Analysis of the difference between IEEE802.3af and at of POE and POE+ Power over Ethernet system sta

Both IEEE 802.3af and IEEE 802.3AT standards use Ethernet data line pairs or alternate pairs to power Ethernet devices. They break through Ethernet applications, and they are primarily a power transfer protocol, not a data protocol.

The IEEE Association approved the 802.3af standard in June 2003, which specifies power detection and control in remote systems and provides access to IP phones, security systems, and wireless LANs over Ethernet cables to routers, switches, and hubs. The way in which devices are powered by points is specified.

Under the IEEE802.3AF standard, the POE system consists of a complete POE system consisting of a Power Sourcing Equipment (PSE) and a Powered Device (PD).

     The PSE device is a device that powers Ethernet client devices and is the administrator of the entire POE Power over Ethernet process. The PD device is a PSE load that is powered, that is, a client device of the POE system, such as an IP phone, a network security camera, an AP, and a handheld computer (PDA) or a mobile phone charger. Based on the IEEE 802.3af standard, the two establish information about the connection status, device type, and power consumption level of the PD of the powered device, and use this as the power supply to the PD through the Ethernet.

      The standard five types of network cables have four pairs of twisted pairs. IEEE80 2.3af allows two line order power supply methods: one is to transmit current on the 4, 5, 7, and 8 pairs, and it is specified that 4 and 5 are positive, 7 8 is the negative electrode. Another type of power supply is to transmit power on 1, 2, 3, 6 lines, the polarity is arbitrary, 1, 2 is positive, 3, 6 is negative or 1, 2 is negative, 3, 6 is positive, of which A power supply polarity.

The working process of IEEE802.3af:

1. Detection: Before the PSE supplies power to the powered device, it first outputs a low voltage to detect whether the powered device (PD) meets the IEEE802.3af standard. If it meets the standard, it is generally used in the powered device, using 24.9K. The resistance is confirmed to comply with the IEEE802.3af power supply standard.

2. Grading: When the PSE detects the resistance value that meets the requirements, the output voltage will be further increased to classify the powered device. If the powered device does not respond to the grading confirmation current, the PSE will default to the powered device. Level 0, which provides 15.4W of output power.

3. Power supply: After confirming the classification, the PSE will output 48V DC power to the powered device and confirm that the powered device does not exceed the power requirement of 15.4W. When the powered device is overloaded or shorted, the PSE stops supplying power and re-enters Detection phase.

The main power supply characteristic parameters of the IEEE802.3af standard power supply system are:

The DC voltage is between 44 and 57V, with a typical value of 48V.

Typical operating current is 10 to 350 mA, typical output power is 15.4W.

The overload detection current is 350 to 500 mA.

Under no-load conditions, the maximum required current is 5 mA.

Provides three class level electrical power requests for the PD device from 3.84 to 12.95W.
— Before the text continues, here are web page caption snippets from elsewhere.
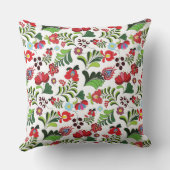 ハンガリーフリーハンドフローラマヨパターン クッション (裏面)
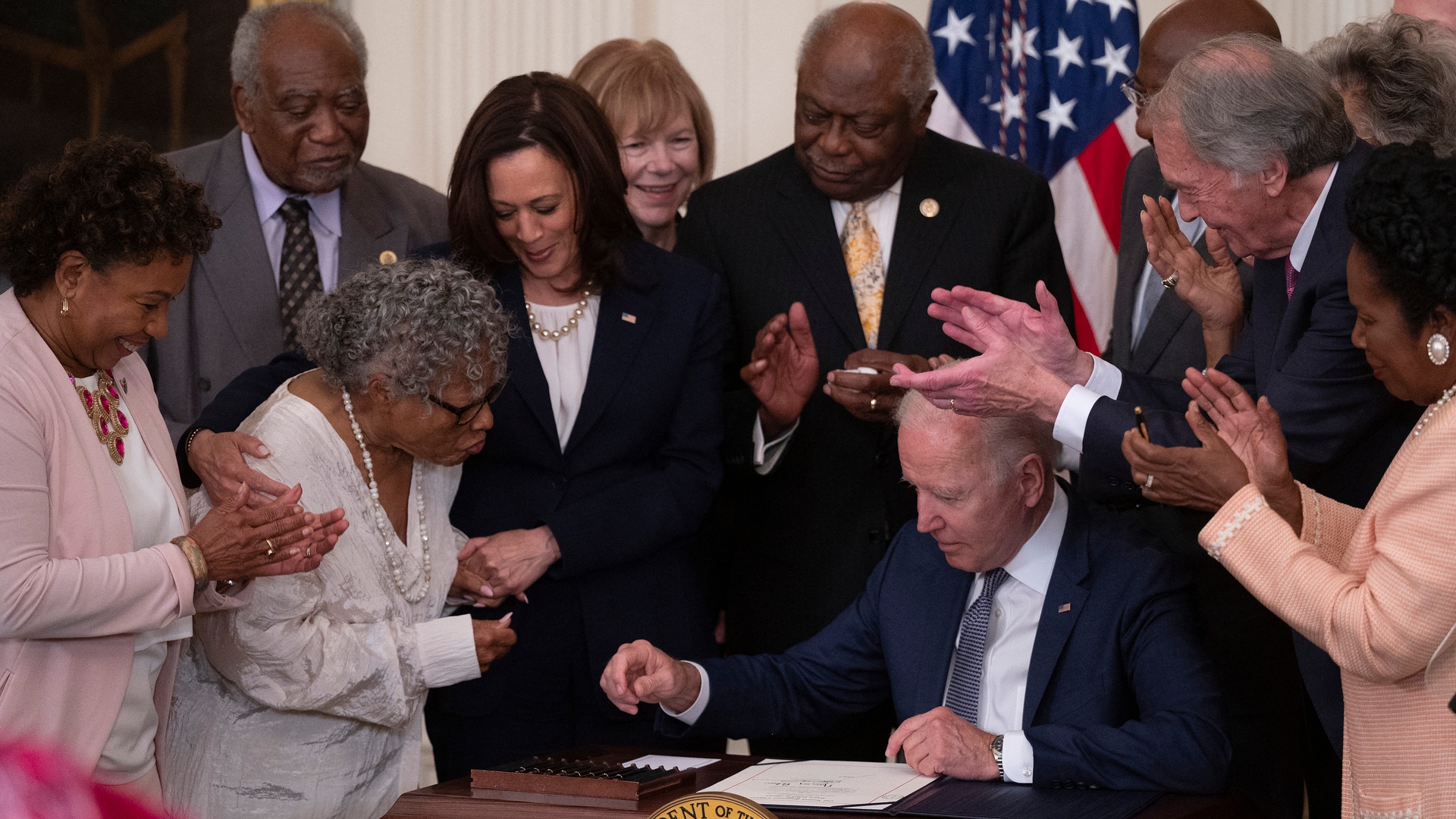 President Biden signs the Juneteenth National Independence Day Act into law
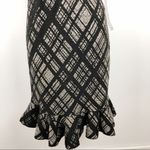 Nina Leonard NWT Plaid Printed Ruffle Hem Knit Dress Large Office Job Career Photo 7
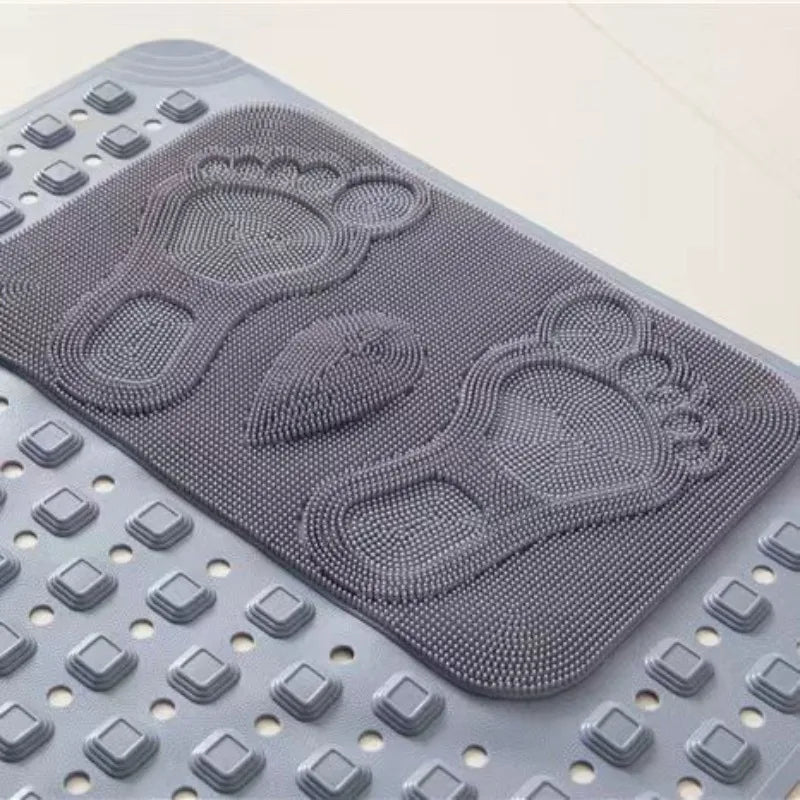 Shower Bath Mat Massage Bathroom Floor Mat Anti-Fall Safety Foot Pad Quick Draining Bath Mat for Home Bathroom Shower Room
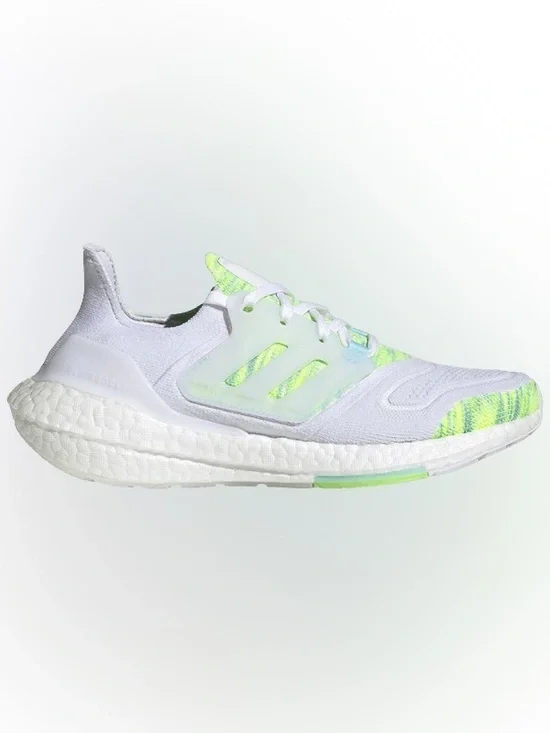 Adidas Ultraboost 22 Women's Running Shoes Size 7.5 Sneakers white yellow blue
Classification parameters of IEEE802.3af:

Class 0 equipment requires a maximum working power of 0~12.95W

Class 1 equipment requires a maximum working power of 0~3.84W;

Class 2 equipment requires a working power of 3.85W to 6.49W;

Class 3 devices have a power range of 6.5 to 12.95W.

IEEE 802.3at standard

    Due to the IEEE 802.3af specification, PoE power consumption on powered devices (PDs) is limited to 12.95W, which is sufficient for traditional network powered devices, but with IP phones and webcams, dual band access, video With the advent of high-power applications such as telephones and PTZ video surveillance systems, the 13W power supply obviously cannot meet the demand, which limits the application range of Ethernet cable power supply. In order to overcome the PoE's power budget constraints and push it to new applications, the IEEE has set up a new task force to explore ways to increase the power limit of the international power standard. The IEEE802.3 working group evaluates the possibility of IEEE802.3at implementation technically and economically. The new standard is called IEEE 802.3at. It defines a device with a power requirement higher than 12.95W as Class 4, which can expand the power level. To 25W or higher, the new standard was released in early 2009.
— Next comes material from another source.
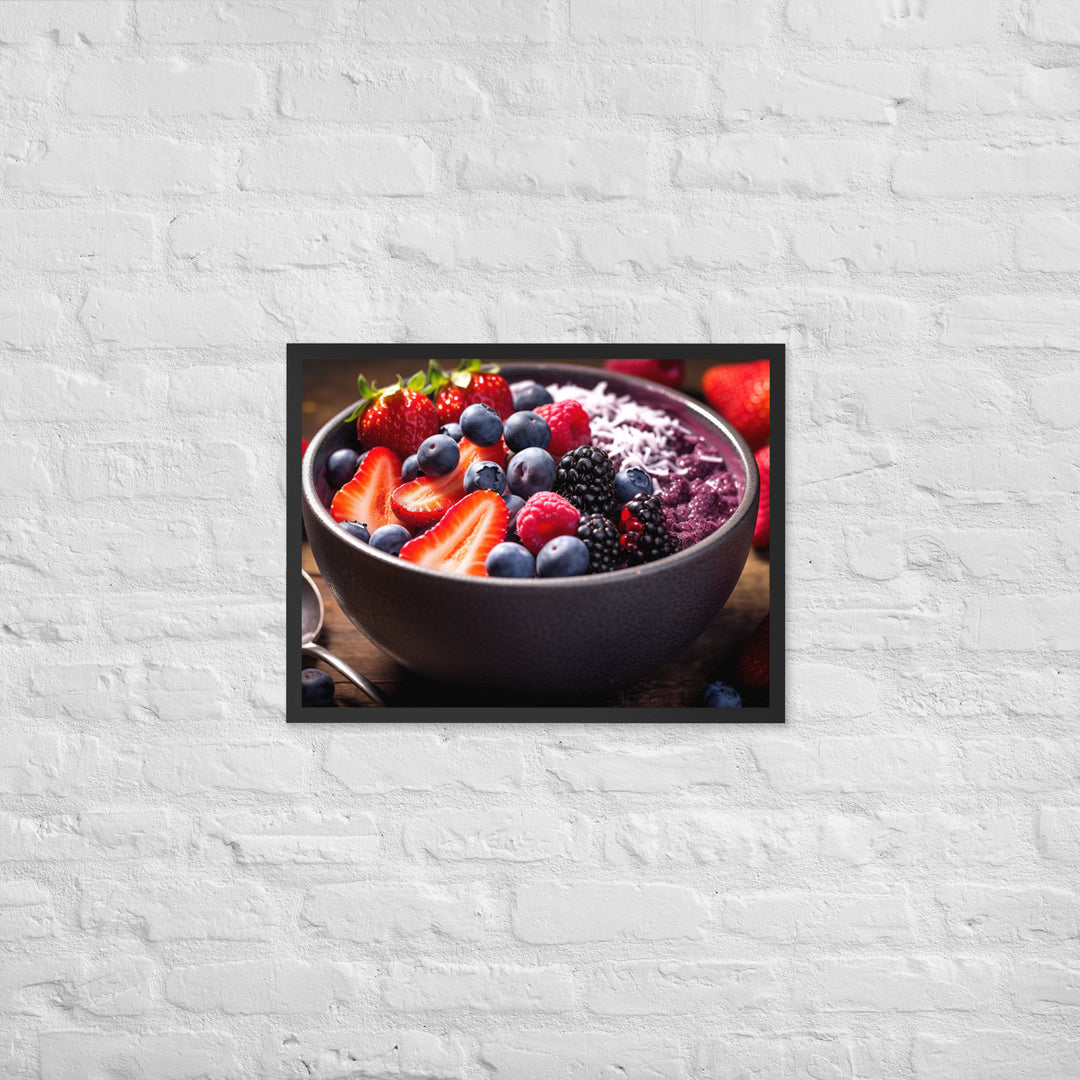 A fruit Bowl Framed poster 🤤 from Yumify.AI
Compared with 802.3af, IEEE 802.3at can output more than 2 times of power, and the output power of each port can be more than 30W. As far as the standard is concerned, the two have different definitions in power and grading.

According to IEEE802.3at, the PD of the powered device can be up to 29.95W, and the PSE will provide more than 30W DC power. The PD responds with a Class 4 current response, telling the PSE if it can provide it with a higher power specified by 802.3at.

The main power supply characteristic parameters of the IEEE802.3at standard power supply system are:

The DC voltage is between 50 and 57V, with a typical value of 50V.

Typical operating current is 10 to 600 mA, and typical output power is 30W.

The powered device PD supports the classification of Class 4.